At Snowplow we describe data modeling as a sequence of SQL steps run on a schedule in your cloud data warehouse.
What is data modeling?
However definitions do vary and some organizations do run their scheduled sequence of steps in a different language – often to the detriment of code readability but associated with some kind benefits e.g. reduced cloud costs or easier implementation of specific advanced data transformations. For the vast majority of organizations the simplicity of declarative languages like SQL is hard to overstate, and comes with a whole host of other benefits such as accessibility and reduced code run times.
What is the purpose of data modeling?
The purpose of this sequence of SQL steps is to automate away repeatable tasks. These repeatable tasks are data transformations that are designed to reduce complexity so that time to value for new and existing users of the data model is minimised.
Viewing data modeling in this light leads to the realization that data models are data products that should be considered to be analogous to any other tech asset or software product that adds significant value to an organisation.
Why is data modeling important for behavioural data?
Behavioural data is messy. Any public-facing application can expect to be interacted by a whole host of entities, each with their own agenda, a short off the top of the head list might include the following entities:
- The intended users of the application
- Internal users
- Integrated testing tools
- Bots (set up by competitors or customers)
All of these different types of users and more will be performing both expected and unexpected actions on your website or application. Much of the noise is filtered out as it is never tracked, but even with the best tracking design and protocols part of this noise can end up in the final dataset.
It is the job of the data model owner to understand what noise is inherent in the final dataset and to make decisions around what should be done as a result.
How To Approach Data modeling
Stating our goal to be “the minimization of time to value for the end user” naturally leads to the question of “How?”.
This is achieved by standardizing common operations that are required in every query that queries the raw event level data. These common operations are as follows:
Event level data can be difficult for the casual user to understand as the concept of an event is relatively abstract, aggregating up to more familiar higher order concepts can help to promote understanding of the data. For example if a user wanted to understand in-session behaviour over time they might be more inclined to query a ‘sessions’ table over an ‘events’ table.

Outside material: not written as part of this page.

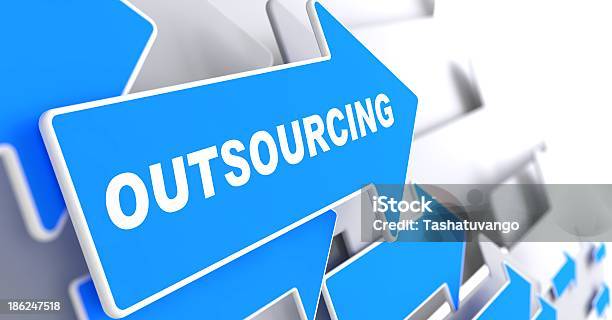 Blue And White Arrows That Say Outsourcing Stock Photo - Download Image Now - Outsourcing, Service, Technology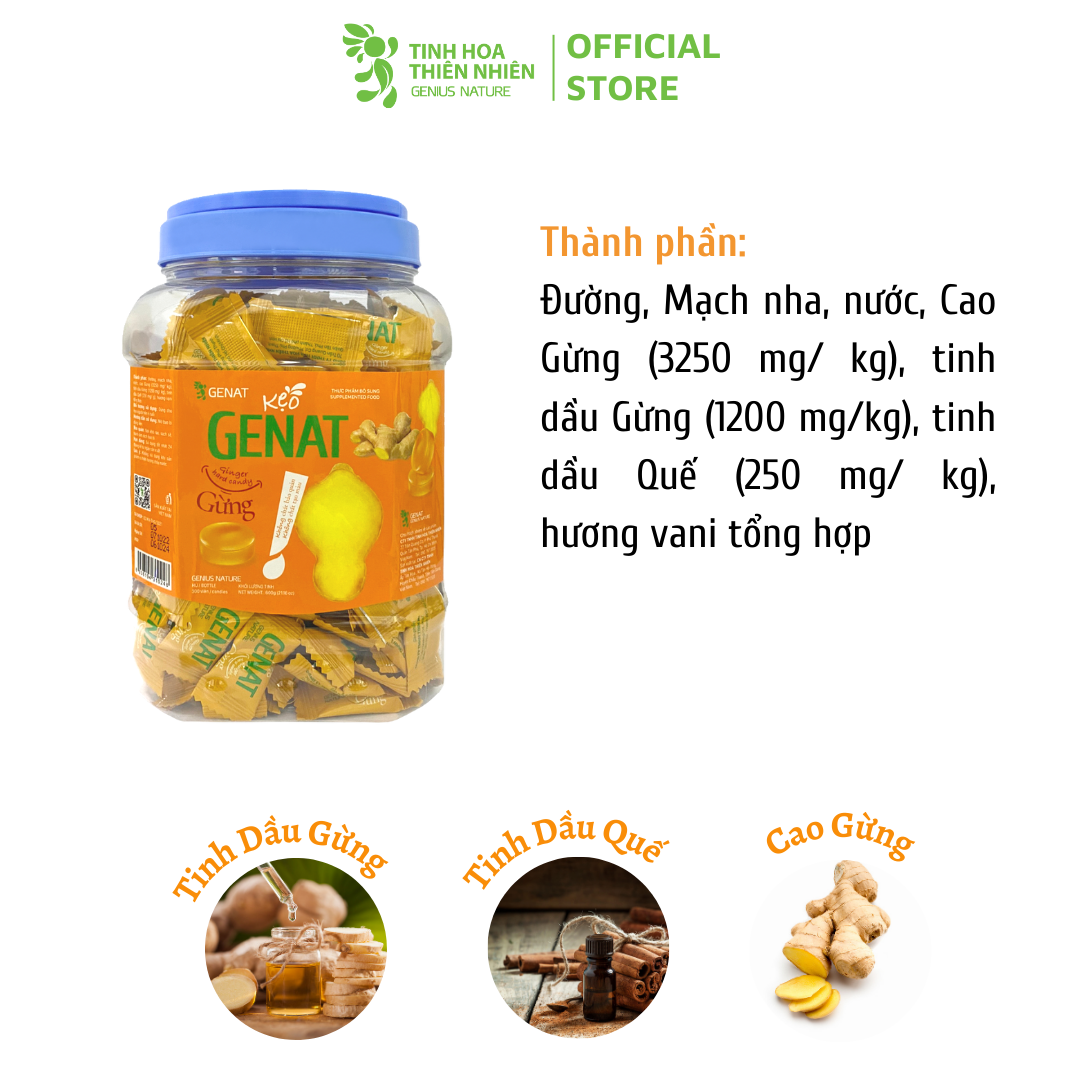 Kẹo Gừng Genat (Hủ 300 viên) - Giao 2H HCM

Equally important is to consider that many data warehouses charge based on the volume of data scanned in a query or the compute resources used. By querying aggregate data instead of event level data the cost of data access can be significantly reduced.
In the simplest case, if upfront validation is not performed on event-level data before it lands in the data warehouse then poor quality data will need to be filtered out of the final dataset. An example could be an anomalous transaction event not being filtered out of a marketing attribution model resulting in inefficient allocation of marketing spend.
The events table contains a large number of fields – only the fields that are relevant to a particular data model table should be selected, this helps to reduce the signal to noise ratio for any downstream analysis.
By default internal users and bots should be removed from any final analytics dataset. Your SQL data model is the ideal place to define what constitutes an internal user or bot (often this decision is informed by the Snowplow IAB enrichment).
The Snowplow tracker comes with built-in semantics to ensure that every event is sent at least once, this will inevitably result in a small number of duplicate events in the final dataset, these duplicate events should be filtered out prior to data consumption.
- Application of Business opinion
The Snowplow trackers deliver unopinionated data. It is up to each individual organization to apply opinion to this data to make it specific their business model.
There is the classic example of a user visiting a webpage as a result of marketing activity, they will land on the webpage with UTM parameters in their querystring – it is trivial to parse out these parameters, but the collecting organization is the only one with the nuanced understanding of how to classify these parameters into different marketing channels.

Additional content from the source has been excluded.